Would you output the whole of the data exactly?

(Dataset section Opens)

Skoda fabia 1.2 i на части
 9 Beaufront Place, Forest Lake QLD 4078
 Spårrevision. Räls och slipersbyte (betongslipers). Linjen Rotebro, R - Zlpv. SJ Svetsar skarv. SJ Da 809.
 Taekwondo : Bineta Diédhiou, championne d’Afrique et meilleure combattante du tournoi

(Dataset section Closes)

Answer to the problem:
Skoda fabia 1.2 i на части
 9 Beaufront Place, Forest Lake QLD 4078
 Spårrevision. Räls och slipersbyte (betongslipers). Linjen Rotebro, R - Zlpv. SJ Svetsar skarv. SJ Da 809.
 Taekwondo : Bineta Diédhiou, championne d’Afrique et meilleure combattante du tournoi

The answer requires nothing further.